**Data provided**
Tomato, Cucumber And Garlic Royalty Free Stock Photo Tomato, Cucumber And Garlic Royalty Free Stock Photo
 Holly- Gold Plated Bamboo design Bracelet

...

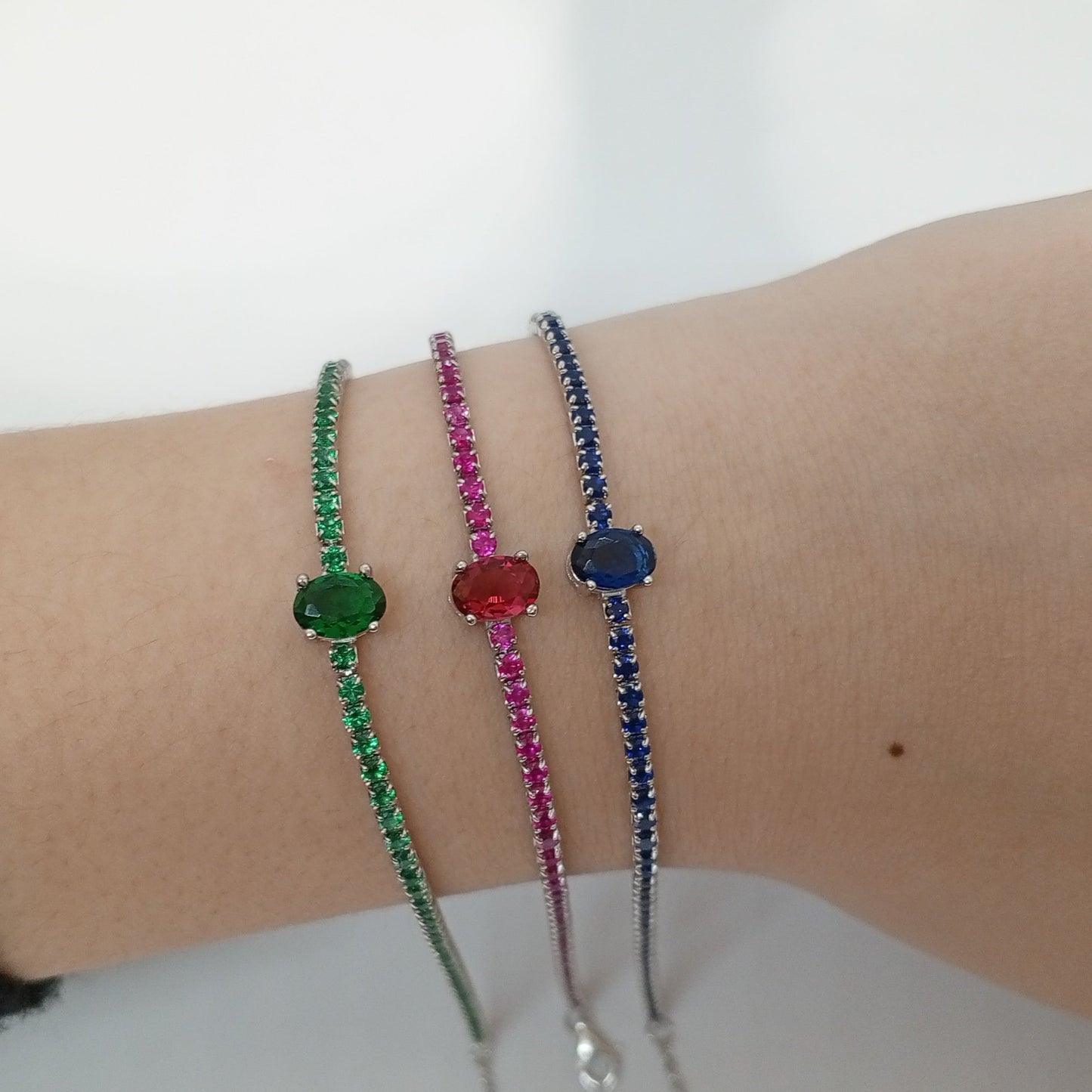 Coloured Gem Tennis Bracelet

--

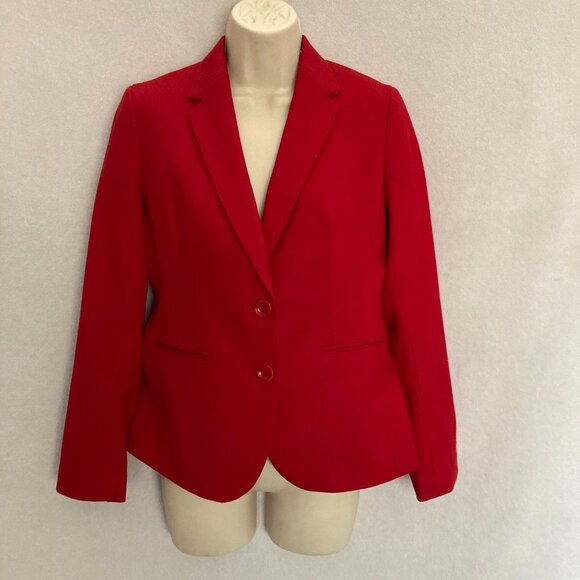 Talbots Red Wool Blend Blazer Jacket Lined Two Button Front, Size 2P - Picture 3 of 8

**The task**
Your answer should be the exact lines above from the one with "Photo Tomato, Cucumber" through the one with "Holly- Gold Plated Bamboo design Bracelet", both included, and nothing besides.

**Finished task**
Tomato, Cucumber And Garlic Royalty Free Stock Photo Tomato, Cucumber And Garlic Royalty Free Stock Photo
 Holly- Gold Plated Bamboo design Bracelet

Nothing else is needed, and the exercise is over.